Von der kolumbianischen Stadt Medellin aus wurden nach Aussagen der DEA bis zu 80% des US-Marktes und nach Darstellung des Time Magazins sogar 80% des Welthandels durch die Kokainlieferungen des Kartells versorgt.

Das Medellin-Kartell war keine straff geführte kriminelle Organisation, es handelte sich vielmehr um mehrere unabhängige Gruppierungen, die miteinander kooperierten, so gab es in Medellin an die 200 Gruppierungen, welche an gemeinsamen Gewinnen beteiligt waren. Auch wenn die hierarchische Organisation des Kartells nicht so klar geregelt war wie beispielsweise bei der sizilianischen Mafia, so galt doch Pablo Escobar als der eigentliche Führer des Kartells. Neben ihm waren die einflussreichsten Persönlichkeiten an der Spitze des Kartells u.a. Carlos Lehder, Gonzalo Rodriguez Gacha und die Ochoa-Familie.

Während seiner Wirkungszeit war das Kartell Drahtzieher zahleicher terroristischer Akte und Auftragsmorde, um die eigene Macht zu demonstrieren und die Vorherrschaft am Kokainmarkt zu sichern wurden gezielt Anschläge auf Politiker, Polizei und Geheimdienstmitarbeiter ausgeübt.[1]


Historische Entwicklung

Der Aufstieg des Medellin-Kartells war durch die starken sozialen Spannungen, großen Klassenunterschiede und die durch den anhaltenden Bürgerkrieg große Gewaltbereitschaft im Land mit bedingt. Noch in den 1970er Jahren besaß 20% der oligarchischen Oberschicht 70% der Rohstoffe Kolumbiens.[2]
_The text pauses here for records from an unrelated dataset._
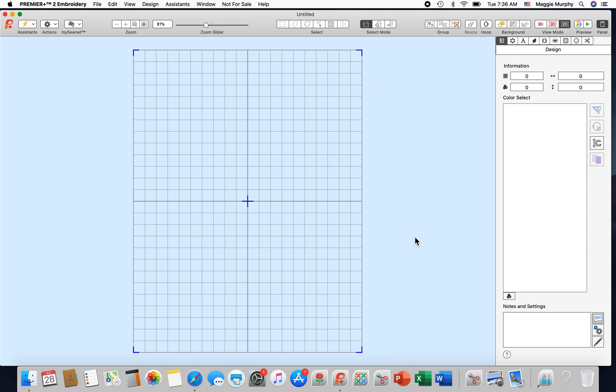Hi there, I'm Maggie and this is a very fast Tuesday tip. I don't know if you folks know about free sculpt. So what we're going to do is I am in the Premier Plus Two embroidery module.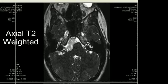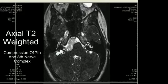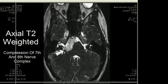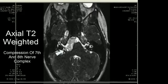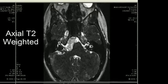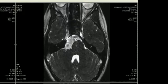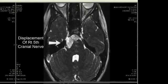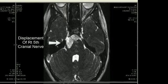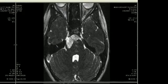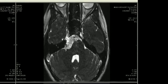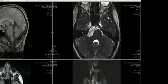The mass extends to the cerebellopontine angle cistern, where we can see compression of the 7th and 8th nerve complex extending to the internal auditory canal. As we continue further superiorly, we also note the displacement of the right 5th cranial nerve by the mass, with lateral displacement of the nerve extending to the Meckel's cave region.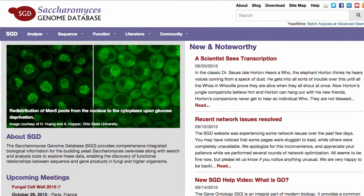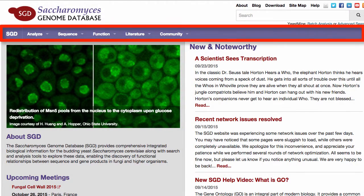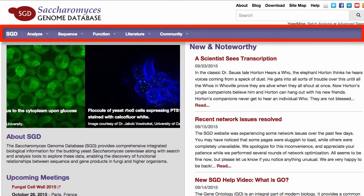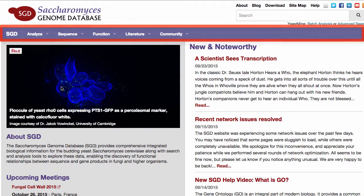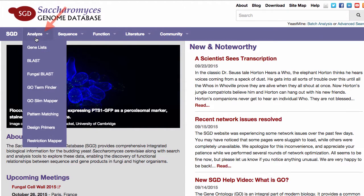You can find the GoSlim Mapping tool using the purple toolbar that runs across the top of most SGD webpages. Just mouse over the Analyze button, scroll down, and click on GoSlim Mapper.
"Kolumbien ist ein Land, das im 19. Jahrhundert stehengeblieben ist. Und es hat nach Brasilien die inegalitärste Gesellschaft Lateinamerikas, die elitärste, hierarchischste Gesellschaft mit den schärfsten Klassengegensätzen. Nur in der arabischen Monarchie gibt es eine so fantastische Machtkonzentration. Kolumbien ist ein Land, in dem es keine soziale Mobilität gibt. Der Drogenhandel ist vielleicht so etwas wie eine krankhafte Antwort auf eine allzu starre Struktur, denn er gibt den Leuten die Möglichkeit, die Etappen des sozialen Aufstiegs zu überspringen."

- Jorge Gaitán am 24. Oktober 1989 in Paris[3]
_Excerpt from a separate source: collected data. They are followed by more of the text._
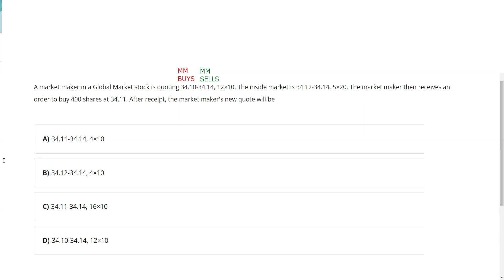The market maker buys at 34.10 and sells at 34.14 — that is the bid and the ask. Quotes on the test are always from the dealer's perspective, inside looking out. I'm willing to buy this into my inventory at 34.10 and sell it out of my inventory at 34.14. The inside market is the highest bid and the lowest ask, so the highest bid in the marketplace is 34.12 and the lowest ask is 34.14. As a market maker, I'm displaying that I'm good for 10 round lots at 34.14, meaning there are other market makers also willing to sell at that price.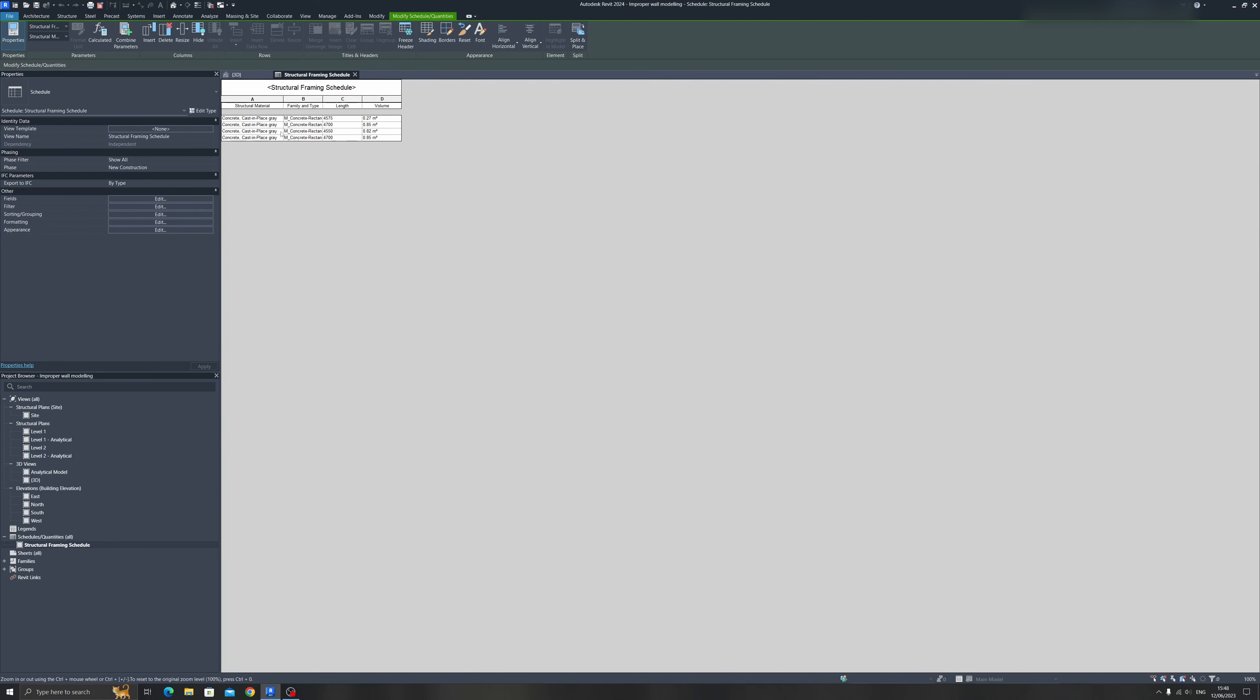And you can see that all the beams are of the same family type. But only one of them has a significantly smaller volume value. And that's because this wall right here is inside this beam, and it's taking up the majority of this reinforced concrete beam's volume.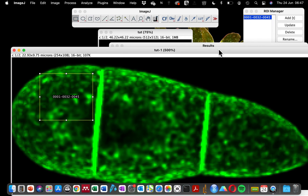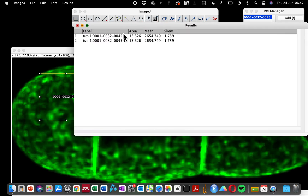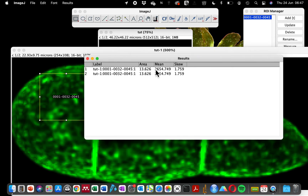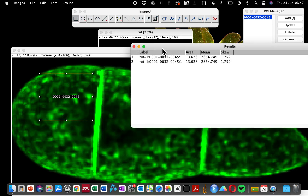After clicking Measure, a results page opens which gives us the details of the selection we ticked in the Set Measurement panel. We selected the area of the region of interest we drew and also the mean gray value. You can see here the mean gray value of the fluorescence intensity is showing 2000 plus. The skewness is also showing because we ticked that in the selection parameters.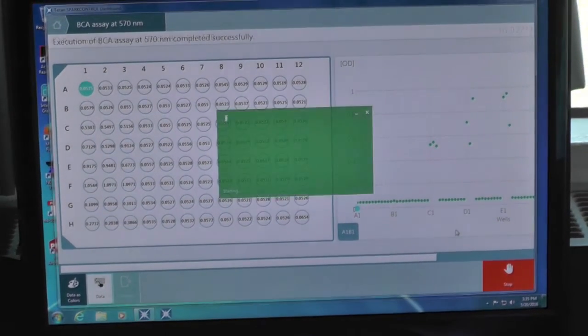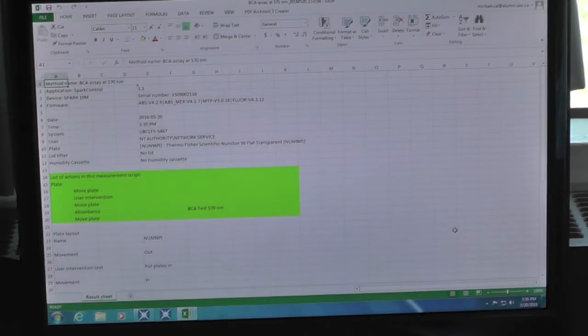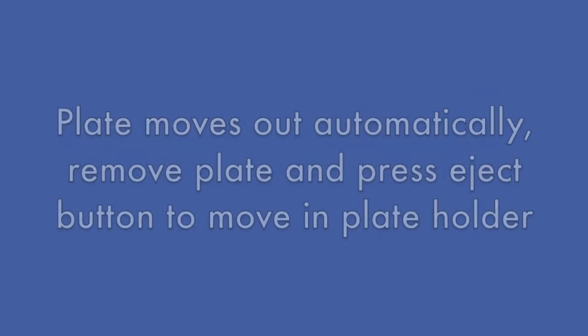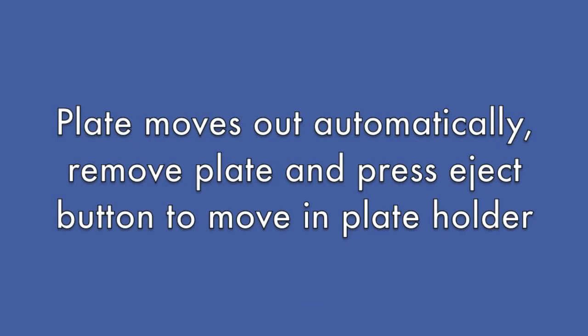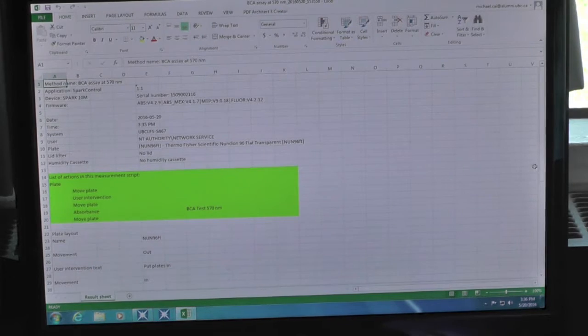At the end of the run, your plate will be moved out. Remove the microplate from the instrument. Then manually press the eject button on the instrument to move in the plate holder.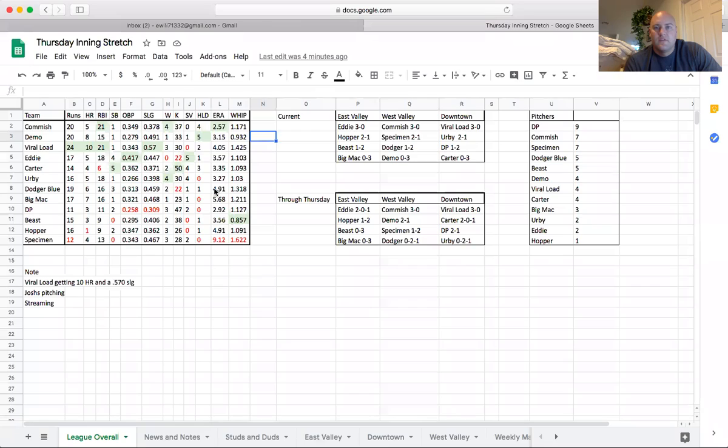All right, welcome to episode 16, week two of the Thursday Innings Stretch. This is going to be very quick, down and dirty. I'm going to start sharing the screen right now. Let's get to it.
Große Teile der Bevölkerung sahen keine andere Möglichkeit ihren Lebensunterhalt zur verdienen und so den desolaten Lebensverhältnissen zu entfliehen, als sich einer der im Drogengeschäft agierenden Organisationen anzuschließen. Das Medellin-Kartell galt als zuverlässiger Arbeitgeber mit guten Verdienstmöglichkeiten auf einem Niveau das den unteren Schichten auf anderem Wege kaum zugänglich war.


Bonanza Marimbera

Bevor der Kokainhandel in Kolumbien an Bedeutung gewann, gab es bereits ein florierendes Geschäft mit der Produktion und dem Vertrieb von Marihuana in den 60er/70er Jahren. Während die Kolumbianer für den Anbau und die Weiterverarbeitung zuständig waren, brachten vornehmlich amerikanische Vietnamveteranen das Marihuana auf dem Luftwege in die USA. Der Vertrieb brachte den kolumbianischen Händlern den Wohlstand der bonanza marimbera ein, der sich in ihrem Lebensstil zeigte.[4]
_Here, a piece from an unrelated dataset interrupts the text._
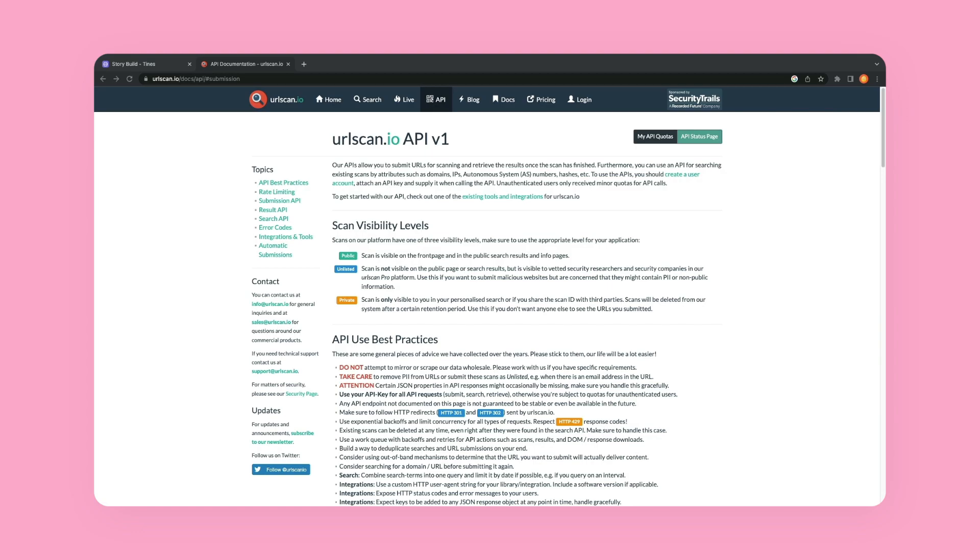And essentially, curl to tines is a way that we can go to API documentation and then find an example that we can just copy and then paste directly into tines with low amount of configuration.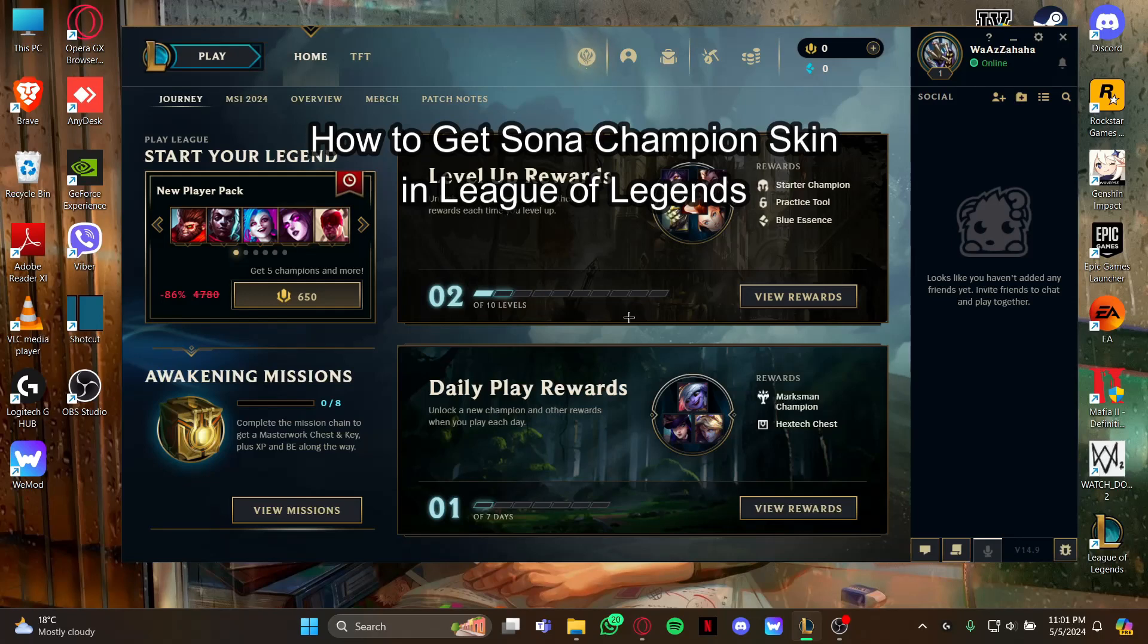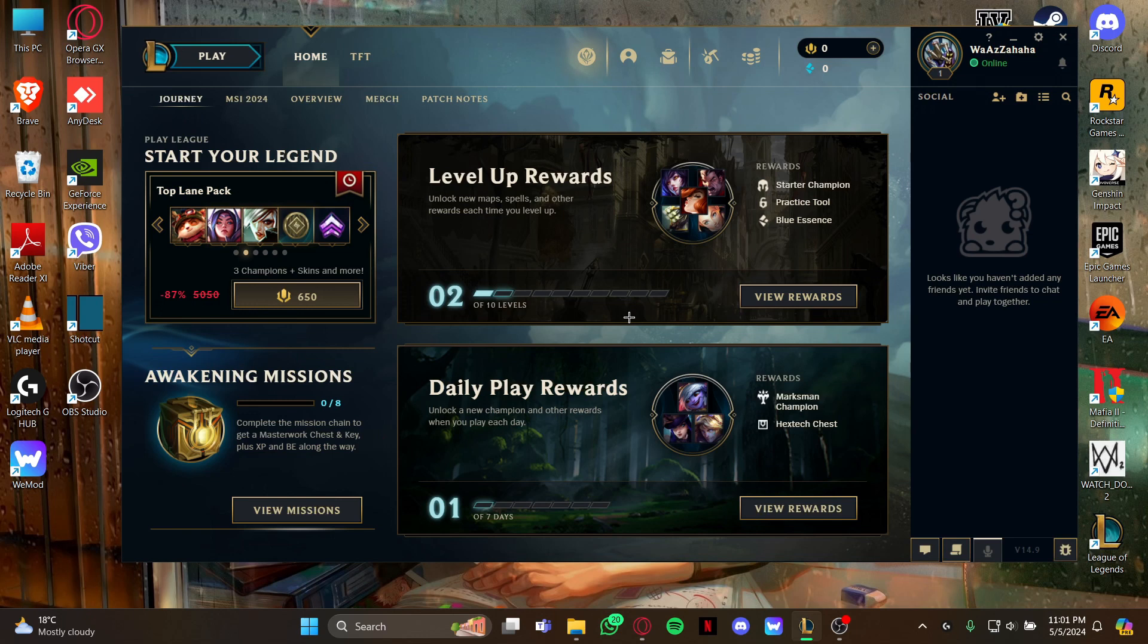Hi guys, welcome back to our channel Maple Gaming. In today's video I will be teaching you how to get skins for your Sona champion in League of Legends.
Ende der 70er Jahre wurden auf Drängen der USA unter massivem militärischen Einsatz der kolumbianischen Regierung, der Großteil der Marihuanaplantagen in Kolumbien zerstört. Dies hatte zur Folge, dass sich der Anbau in die USA verlagerte und dies bedeutete das Ende der bonanza marimbera. So kam es, dass einige marimberos auf den Kokainhandel umstiegen.[5]


Hauptaktivitätszeit

Als der Kokain-Schmuggler Carlos Lehder 1978 die Bahamas-Insel Norman's Cay kaufte, um von dort den Drogenschmuggel in die USA zu organisieren, formierten Escobar, die Ochoa-Brüder Jorge und Juan, Gonzalo Rodríguez Gacha (auch bekannt als „der Mexikaner“) und Lehder selbst in und um Medellín ein Netzwerk, das als Infrastruktur für die gewinnträchtige Herstellung und den Handel mit Kokain diente. Medien prägten für dieses Netzwerk den Namen „Medellín-Kartell“. Die Mitglieder des Kartells organisierten den Kauf und Transport der Coca-Paste aus Bolivien und Peru, errichteten Labors zur Kokain-Veredelung und Landebahnen im Dschungel, die häufig über Tarnvorrichtungen und Technik zum Aufspüren von Radar-Flugzeugen der Anti-Drogenbehörden verfügten.[6]

Es gab zahlreiche Gruppen deren Mitglieder meistens Amerikaner, Europäer oder Kanadier waren und die im Auftrag des Kartells für den Transport des Kokains in die USA, Europa oder nach Kanda verantwortlich waren.

Der welweite Handel brachte dem Kartell zur Hochzeit Einnahmen von über 60 Millionen Dollar am Tag und so wurden die Einnahmen des Kartells Ende der 80er Jahre auf 25 bis 35 Milliarden Dollar jährlich geschätzt.[7]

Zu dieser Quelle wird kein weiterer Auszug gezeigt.